NFTs could go beyond gaming, entertainment, and digital art to become part of daily life. Less glamorous but potentially transformative, commonplace items like driver’s licenses, event tickets, and property deeds might become NFTs. Real estate startups in the crypto space have already tokenized traditional properties, often using fractionalized NFTs—dividing NFTs into pieces distributed among different owners.
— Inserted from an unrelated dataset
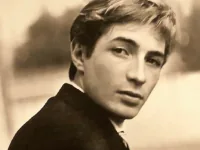 Юрий Каморный Юрий Каморный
While Ethereum presently dominates the NFT market, the ascent of Layer-2 solutions like Polygon, Arbitrum, and Optimism, along with the rapid growth of Layer-1 blockchains such as Solana, Sui, and Aptos, may introduce NFTs with added utility and features. This diversity could contribute to a more stable pricing environment in the NFT market.
In conclusion, the NFT market collapse is just one phase in a broader cycle, and similar patterns are anticipated in the future. Predicting when NFT prices will rise is challenging. Despite the positive outlook, it’s essential to recognize that investing in individual NFTs, such as BAYCs or CryptoPunks, remains a high-risk venture. Individuals and groups should only invest in NFTs with funds they can afford to lose. The market is likely to witness further booms and crashes in the next few years until it matures, prices stabilize, and NFTs and other digital assets gain broader acceptance.